# Socket activation on FreeBSD



## comanche_001 (Jan 7, 2022)

Hi,

A nice feature of systemd is "socket activation". When connecting to a listening socket, the system can start a service or a daemon.
I'm pretty new on FreeBSD. How can I create such a listening socket on FreeBSD?

Thanks in advance!


----------



## SirDice (Jan 7, 2022)

comanche_001 said:


> A nice feature of systemd is "socket activation". When connecting to a listening socket, the system can start a service or a daemon.
> I'm pretty new on FreeBSD. How can I create such a listening socket on FreeBSD?


It's a specific feature of systemd.
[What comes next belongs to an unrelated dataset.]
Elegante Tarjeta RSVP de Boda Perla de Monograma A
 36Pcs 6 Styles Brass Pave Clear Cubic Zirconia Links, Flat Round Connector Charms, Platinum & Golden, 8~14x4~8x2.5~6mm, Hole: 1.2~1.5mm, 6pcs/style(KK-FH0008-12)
As FreeBSD doesn't have systemd you can't use any of those features.


----------



## zirias@ (Jan 7, 2022)

Adding inetd(8) to the list of things systemd reinvented for no reason at all. 

(yes, I know inetd doesn't start daemons but just simple stdio programs. still the same basic idea. only the daemon will keep running, so, _why_??)


----------



## SirDice (Jan 7, 2022)

MacOS's launchd does something similar. But we don't have launchd either. 





__





						launchd - Wikipedia
					






					en.wikipedia.org


----------



## msplsh (Jan 7, 2022)

comanche_001 said:


> How can I create such a listening socket on FreeBSD?


inetd(8), as stated by Zirias


----------



## comanche_001 (Jan 7, 2022)

I will look into inetd. Thanks!


----------